A complete variety is proper over $k$: why does it suffice to check universally closed on varieties instead of all schemes

Question

A complete variety $X$ over $k$ is defined to be one where the projection map $X\times_{\operatorname{spec} k} Y\to Y$ is closed for every variety $Y$. It is stated on Wikipedia and various places that complete varieties are proper over $k$. But that means $X\to \operatorname{spec} k$ is a proper morphism, which means $X\times_{\operatorname{spec} k} Y\to Y$ is closed for any scheme $Y$. How to see the two are equivalent?

Answer 1

This is a neat trick: if $f:X\to S$ is a quasi-compact morphism of schemes, it suffices to check whether $f$ is universally closed on morphisms locally of finite presentation $S'\to S$ (in particular, over a noetherian base, i.e. a field, locally of finite presentation = finite type). I'll outline the proof from Stacks 05JX below.

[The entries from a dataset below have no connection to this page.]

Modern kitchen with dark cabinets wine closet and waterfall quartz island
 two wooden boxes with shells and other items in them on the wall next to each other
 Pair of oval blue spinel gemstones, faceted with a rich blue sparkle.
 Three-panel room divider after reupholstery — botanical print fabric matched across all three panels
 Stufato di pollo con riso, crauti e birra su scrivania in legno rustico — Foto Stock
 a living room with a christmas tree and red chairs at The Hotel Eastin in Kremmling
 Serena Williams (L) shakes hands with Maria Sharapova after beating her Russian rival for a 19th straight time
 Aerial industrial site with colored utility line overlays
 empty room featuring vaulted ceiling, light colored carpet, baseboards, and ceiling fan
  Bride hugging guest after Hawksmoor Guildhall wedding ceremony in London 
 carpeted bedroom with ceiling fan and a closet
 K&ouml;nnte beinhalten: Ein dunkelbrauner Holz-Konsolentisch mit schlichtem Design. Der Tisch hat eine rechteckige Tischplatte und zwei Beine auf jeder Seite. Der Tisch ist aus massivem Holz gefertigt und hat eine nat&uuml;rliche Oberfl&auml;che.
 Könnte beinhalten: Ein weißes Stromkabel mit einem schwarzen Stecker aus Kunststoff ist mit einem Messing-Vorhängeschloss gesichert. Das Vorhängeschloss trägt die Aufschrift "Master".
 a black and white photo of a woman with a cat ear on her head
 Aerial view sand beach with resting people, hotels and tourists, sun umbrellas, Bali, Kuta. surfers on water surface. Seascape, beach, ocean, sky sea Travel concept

Suppose $X_T \to T$ is not closed for some $T\to S$. This means that there is some specialization $t_1\rightsquigarrow t$, a point $\xi$ in $X_T$ mapping to $t_1$, and no specialization of $\xi$ which lands in $(X_T)_t$. But after a suitable reduction to the affine case, we can write $T$ as a colimit of finitely presented schemes over $S$, and the emptiness of the fiber over $t$ must actually occur at some scheme in our colimit.